In [3]:
import numpy as np
import pandas as pd
from pathlib import Path
import os
import json

dataname = "hailfinder"

mi = 3      # The number of values a variable can take is ranged in [2, mi-1]
di = 5      # The dirichlet alpha that controls the data distribution
n = 10      # The number of data silos

silos = []

folderpath = f"./data/distributed/{dataname}/m{mi}_d{di}_n{n}"
groundtruth = np.loadtxt(f"./data/distributed/{dataname}/adj.txt", delimiter=' ')

if not Path(folderpath).exists():
    print("Folder", folderpath, "not exist!")
else:
    for file in sorted(os.listdir(folderpath)):
        filename = os.path.join(folderpath, file)
        silo_data = pd.read_csv(filename)
        silos.append(silo_data)
        print("Loaded file:", filename, end="\n")   
             
merged_df = pd.concat(silos, axis=0)
merged_df = merged_df.reindex(sorted(merged_df.columns, key=lambda item: int(item[1:])), axis=1)
all_vars = merged_df.columns

Loaded file: ./data/distributed/hailfinder/m3_d5_n10/silo-0.csv
Loaded file: ./data/distributed/hailfinder/m3_d5_n10/silo-1.csv
Loaded file: ./data/distributed/hailfinder/m3_d5_n10/silo-2.csv
Loaded file: ./data/distributed/hailfinder/m3_d5_n10/silo-3.csv
Loaded file: ./data/distributed/hailfinder/m3_d5_n10/silo-4.csv
Loaded file: ./data/distributed/hailfinder/m3_d5_n10/silo-5.csv
Loaded file: ./data/distributed/hailfinder/m3_d5_n10/silo-6.csv
Loaded file: ./data/distributed/hailfinder/m3_d5_n10/silo-7.csv
Loaded file: ./data/distributed/hailfinder/m3_d5_n10/silo-8.csv
Loaded file: ./data/distributed/hailfinder/m3_d5_n10/silo-9.csv


#### Constraint-based PC

In [4]:
import bnlearn as bn

model = bn.structure_learning.fit(merged_df, methodtype='cs', verbose=0)

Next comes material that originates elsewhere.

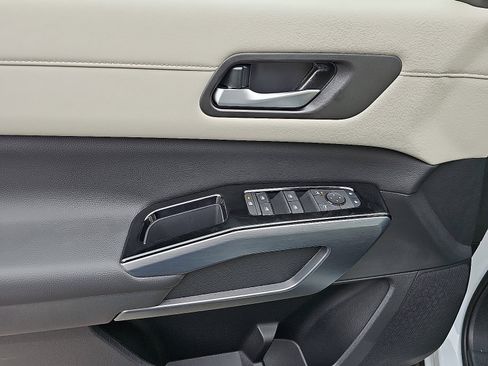 New 2025 Nissan Pathfinder SL image 8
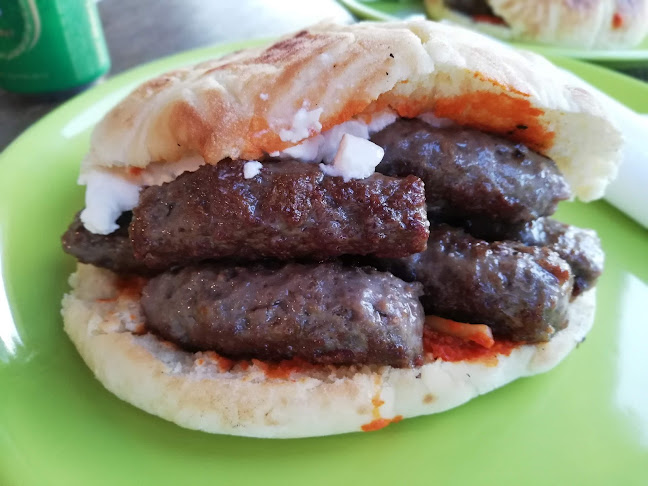 Opinii despre Cirkus Fast Food în Stobreč - Gastronomija i ugostiteljstvo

adj_mtx = np.zeros([len(all_vars), len(all_vars)])
for edge in model['dag_edges']:     # type:ignore
    source, target = edge
    source_id = int(source[1:]) - 1
    target_id = int(target[1:]) - 1
    adj_mtx[source_id][target_id] = 1

  0%|          | 0/5 [00:00<?, ?it/s]

KeyboardInterrupt: 

In [None]:
from plot_utils import true_edge, spur_edge, fals_edge, miss_edge, swap_pos

etrue = true_edge(groundtruth, adj_mtx)
espur = spur_edge(groundtruth, adj_mtx)
efals = fals_edge(groundtruth, adj_mtx)
emiss = miss_edge(groundtruth, adj_mtx)

# print(etrue)
print(len(etrue), len(espur), len(emiss), len(efals))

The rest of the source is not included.